▶ **YOUR TASK**
Please print the line that holds "Coach Handbags - COACH" and each line after it to the end of the data, word for word, without any pictures.
● ● ● ● ● ● ●
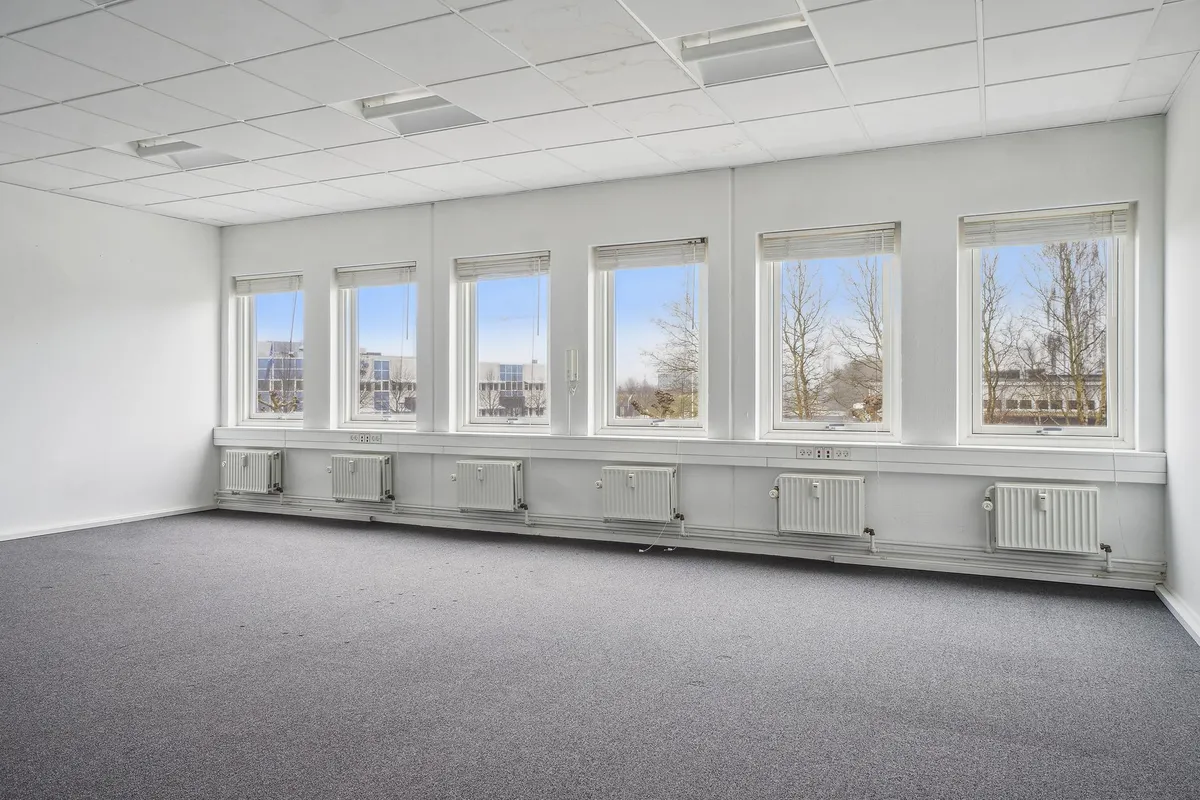 Et stort, lyst og velholdt kontorlokale med hvide vægge, grå gulvbelægning og vinduer med gardiner.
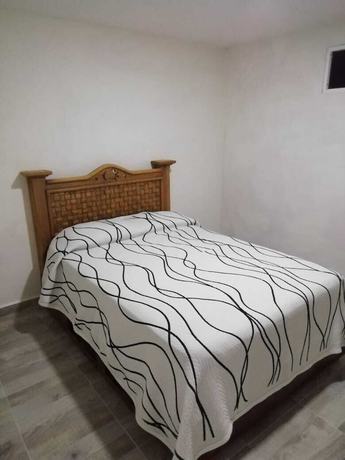 Imagen de la habitación del Hotel Tepehuakan. Foto 11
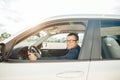 Handsome elegant serious man drives a car Royalty Free Stock Photo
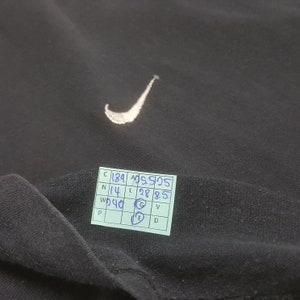 Peut inclure: V&ecirc;tement noir avec un logo Nike swoosh blanc brod&eacute;. Une petite &eacute;tiquette manuscrite avec des chiffres et des lettres est visible. Le tissu semble &ecirc;tre doux, peut-&ecirc;tre du coton ou un m&eacute;lange.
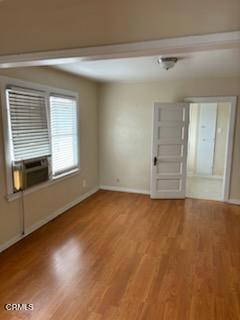505 S Rowan Ave, Los Angeles, CA 90063 - spare room featuring wood finished floors and cooling unit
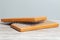 Brown Sadhu wooden boards with nails for yoga and spiritual practices on the grey background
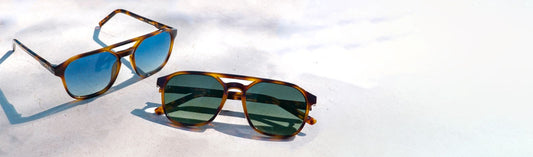 Two pairs of sunglasses with green and blue lenses displayed on a sunlit surface in natural light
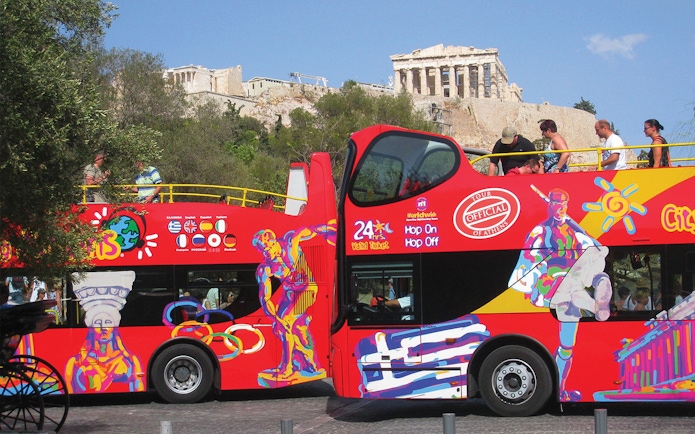 HOHO tour bus in Athens with Acropolis in the background.
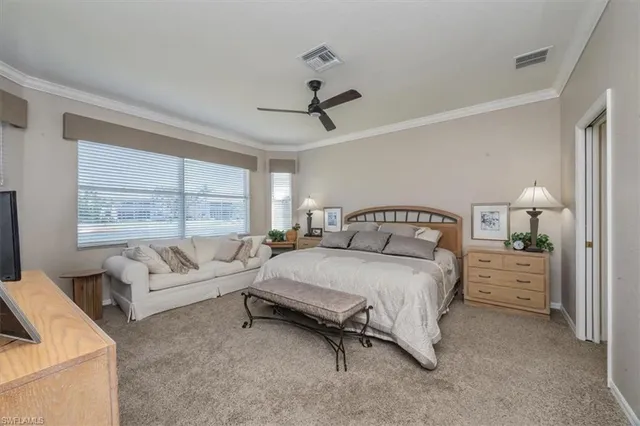 a spacious bedroom with a bed a couch and a window
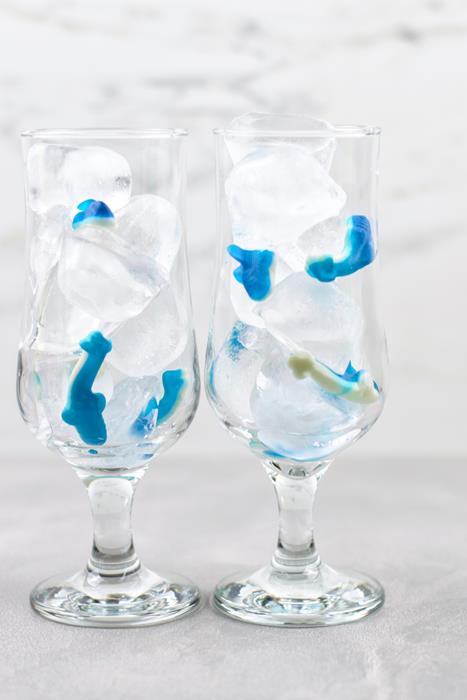 Two tall clear glasses with ice and shark gummies throughout it. 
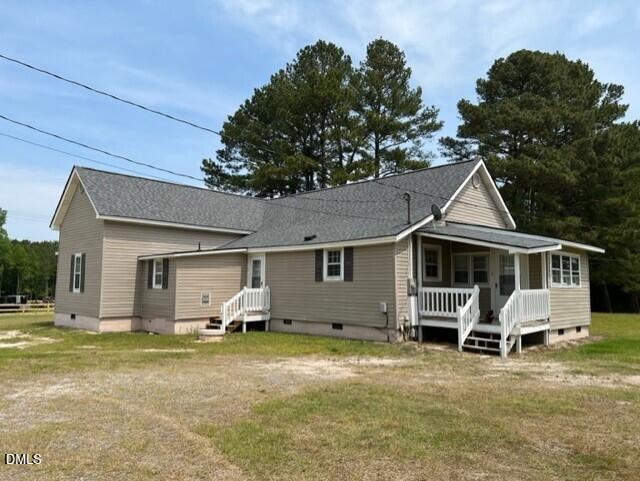 3831 Bizzell Grove Church Road Princeton, NC 27569 - Photo 3 of 17 a view of a house with backyard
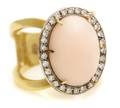 An 18 Karat Yellow Gold Coral and Diamond Ring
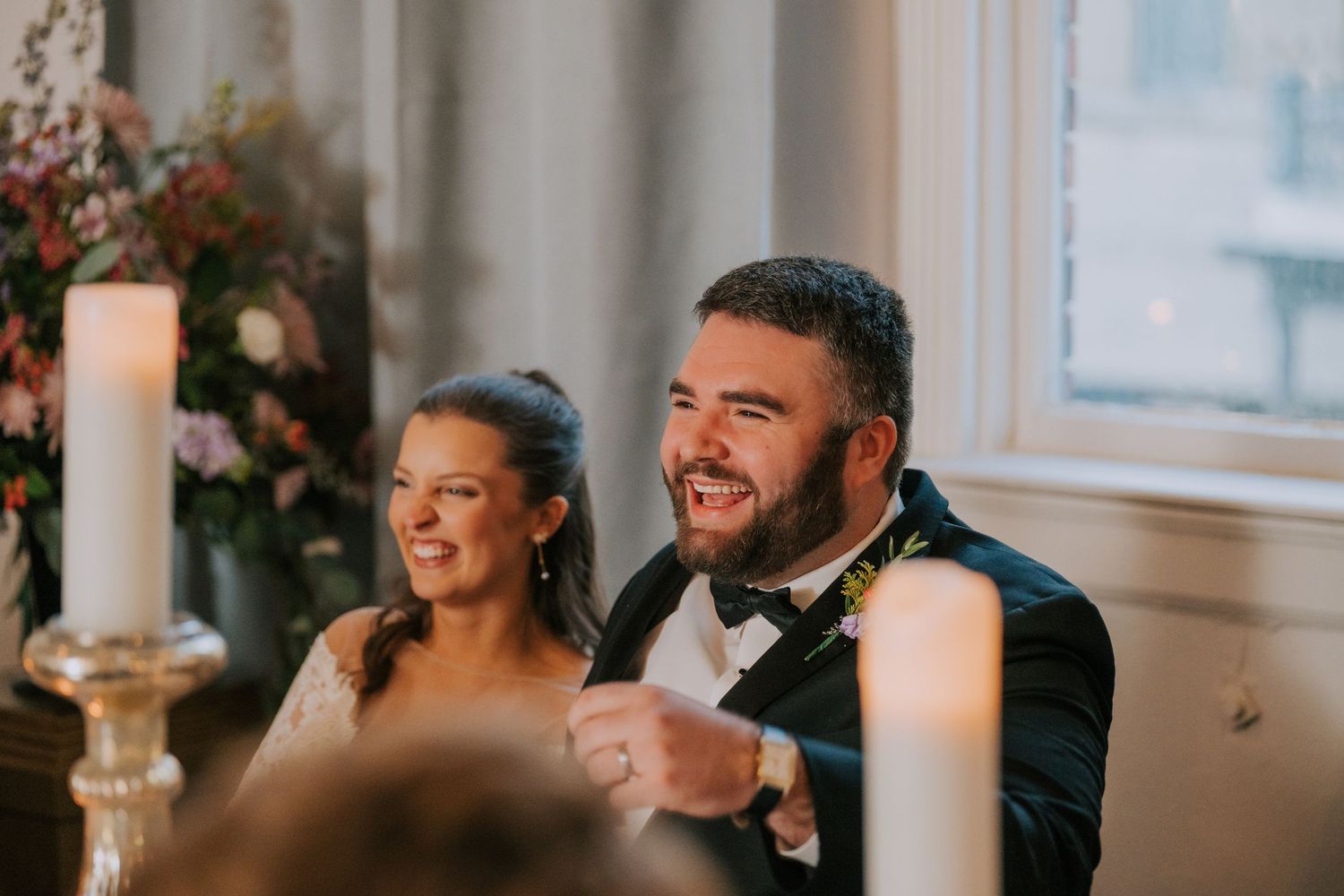 Wedding couple sharing joyful laughter during reception dinner with candlelight and floral decor.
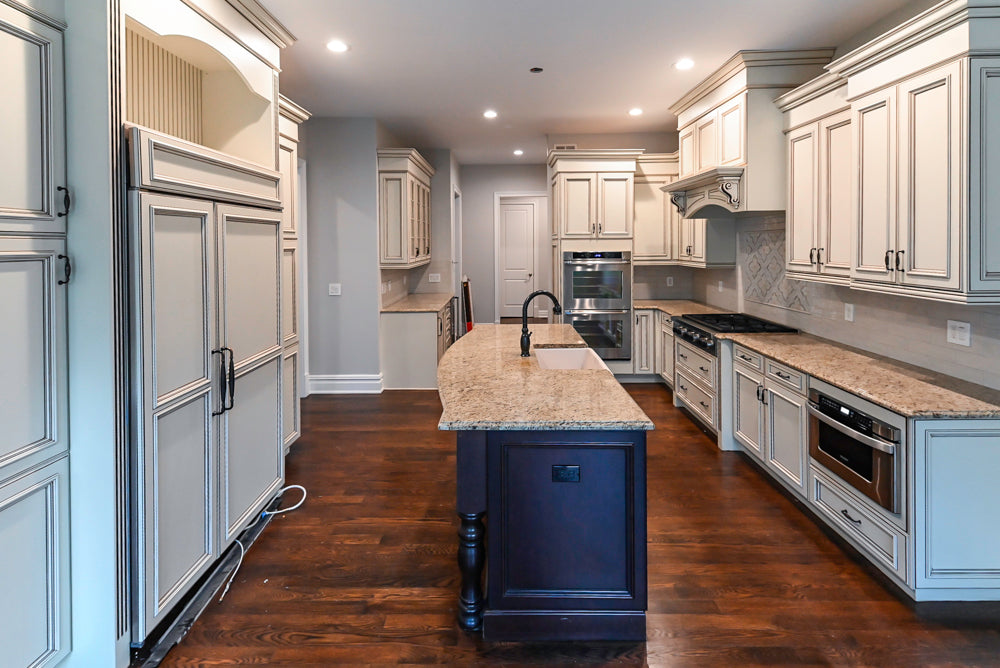 Kitchen Craft Traditional White Kitchen with Island, Granite Countertops and Appliances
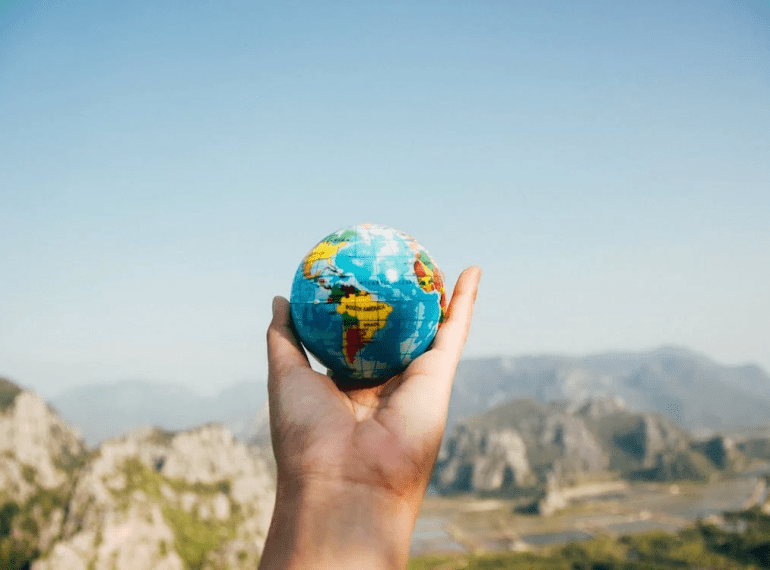 An image of a person holding a mini globe in their hand while facing the mountains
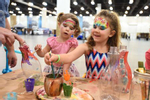 Kids are busy creating vase masterpieces at the Califia craft area at Live On Green on Friday, Dec. 29, 2017, in Pasadena, Calif. (Jordan Strauss/AP Images for HQ)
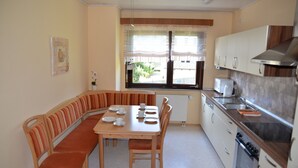 Une cuisine avec un coin repas, comprenant une table et des bancs, une fenêtre avec des stores et une cuisinière.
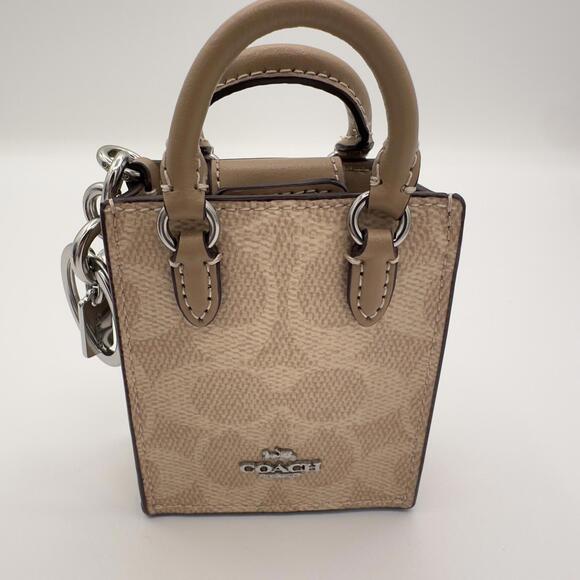 Coach Handbags - COACH NWT North/South Mini Tote Bag Charm In Signature Canvas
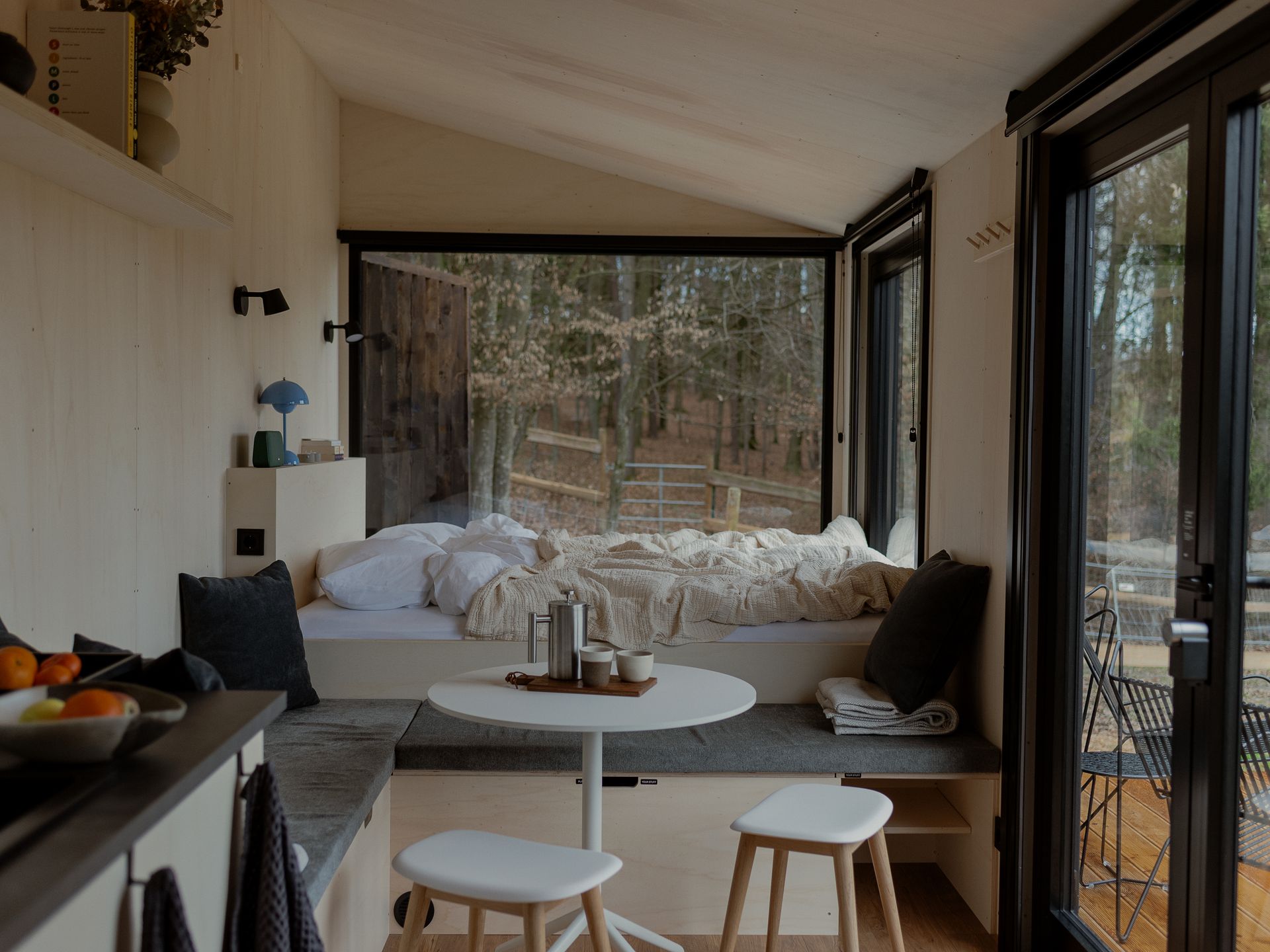 Blick durch die Cabin auf das Bett und durch das große Fenster hinaus in den Wald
● ● ● ● ● ● ●
▶ **WRITTEN RESPONSE**
 Coach Handbags - COACH NWT North/South Mini Tote Bag Charm In Signature Canvas
 Blick durch die Cabin auf das Bett und durch das große Fenster hinaus in den Wald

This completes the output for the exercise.